1. Affine transformations
An affine transformation is a function f:ℝm→ℝn of the form f(x) = Mx + b where M is an n×m matrix and b is a column vector.
Prove or disprove: if f:ℝm→ℝn and g:ℝn→ℝk are both affine transformations, then (g∘f) is also an affine transformation.
Prove or disprove: if f:ℝn→ℝn is an affine transformation and f-1 exists, then f-1 is also an affine transformation.
1.1. Solution
- Proof: Let f(x) = Ax+b and g(y) = Cy+d. Then g(f(x)) = g(Ax+b) = C(Ax+b)+d = (CA)x + (Cb+d).

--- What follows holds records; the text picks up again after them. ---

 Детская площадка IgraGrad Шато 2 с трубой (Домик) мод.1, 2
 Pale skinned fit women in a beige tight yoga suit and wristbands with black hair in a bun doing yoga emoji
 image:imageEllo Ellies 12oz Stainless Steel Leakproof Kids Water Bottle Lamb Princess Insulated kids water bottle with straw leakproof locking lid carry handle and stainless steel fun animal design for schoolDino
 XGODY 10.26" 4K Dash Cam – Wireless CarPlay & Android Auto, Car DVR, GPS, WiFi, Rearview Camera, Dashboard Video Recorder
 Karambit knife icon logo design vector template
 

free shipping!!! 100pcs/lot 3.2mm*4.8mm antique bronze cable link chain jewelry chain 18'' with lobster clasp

Proof: Let f(x) = Ax+b. We'll find an inverse for f by solving the equation y = Ax+b for x in terms of y: this gives x = A-1(y-b) = A-1y - A-1b. This has the right form to be an affine transformation, provided A-1 exists. If A-1 does not exist, then either A is not surjective or not injective. If A is not surjective, then there is some y such that no x satisfies Ax = y. But then no x satisfies Ax + b = y+b, which means f isn't surjective either. If A is not injective, then there exist distinct x and y such that Ax = Ay. But then f(x) = Ax + b = Ay + b = f(y), so f is also not injective. So under the assumption that f-1 exists, A-1 exists as well, and we have f-1 = A-1y - A-1b is affine.
2. Pythagoras goes mod
Let x and y be vectors in (ℤp)n, where p is a prime.

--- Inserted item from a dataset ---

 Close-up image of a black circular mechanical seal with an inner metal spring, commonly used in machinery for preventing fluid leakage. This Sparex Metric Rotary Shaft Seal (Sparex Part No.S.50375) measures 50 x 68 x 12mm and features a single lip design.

Show that if (x+y)⋅(x+y) = x⋅x + y⋅y, then either x⋅y = 0 (mod p) or p = 2.
2.1. Solution
Calculate (x+y)⋅(x+y) = x⋅x + x⋅y + y⋅x + y⋅y = (x⋅x + y⋅y) + 2(x⋅y). For this to equal (x⋅x + y⋅y), we need 2(x⋅y) = 0 (mod p), or p|(2(x⋅y)). Since p is prime, it divides a product if and only if it divides one of the factors. If p|2, then p = 2; otherwise, p|(x⋅y), which means (x⋅y) = 0 (mod p).
3. Convexity
A set of points S in ℝn is convex if, for any x,y∈S, and any 0 ≤ λ ≤ 1, the point λx + (1-λ)y is in S. (Intuitively, this means that the line segment between any two points in S is also in S; visually, S has no dimples or holes.)
Prove or disprove: If f:ℝn→ℝm is a linear transformation, and S is convex, then f(S) = { f(x) | x∈S } is convex.
Prove or disprove: If f:ℝn→ℝm is a linear transformation, and f(S) is convex, then S is convex.
3.1. Solution
- This one is just calculation: Let f(x) and f(y) be in f(S), and let 0 ≤ λ ≤ 1. Then λx + (1-λ)y is in S, so f(λx + (1-λ)y) = λf(x) + (1-λ)f(y) is in f(S).
Disproof: Let f(x) = 0. Then f is linear (f(ax) = af(x) = 0, f(x+y) = 0 = f(x) + f(y)), and f(S) is convex for all S, since for any x,y∈S we have λf(x) + (1-λ)f(y) = 0 ∈ f(S). But we can easily find a non-convex S (e.g. { (0), (1) } in ℝ1), giving a counterexample to the claim.